*** Stored data Section Begins ***

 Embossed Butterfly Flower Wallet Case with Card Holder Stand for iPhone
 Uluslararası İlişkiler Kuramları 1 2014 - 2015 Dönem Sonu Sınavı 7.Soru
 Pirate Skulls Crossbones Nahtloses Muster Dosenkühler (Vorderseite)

*** Stored data Section Ends ***
*** Stored data Section Begins ***

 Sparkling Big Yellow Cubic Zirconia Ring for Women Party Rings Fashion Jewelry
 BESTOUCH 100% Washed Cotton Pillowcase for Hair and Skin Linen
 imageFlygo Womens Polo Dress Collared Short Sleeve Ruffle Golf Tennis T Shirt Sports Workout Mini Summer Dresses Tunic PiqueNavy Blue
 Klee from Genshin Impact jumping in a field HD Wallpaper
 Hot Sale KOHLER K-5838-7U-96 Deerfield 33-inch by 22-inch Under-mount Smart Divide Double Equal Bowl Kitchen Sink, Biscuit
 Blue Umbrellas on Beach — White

*** Stored data Section Ends ***

Each line above with the word "Blue" needs to be copied.

 imageFlygo Womens Polo Dress Collared Short Sleeve Ruffle Golf Tennis T Shirt Sports Workout Mini Summer Dresses Tunic PiqueNavy Blue
 Blue Umbrellas on Beach — White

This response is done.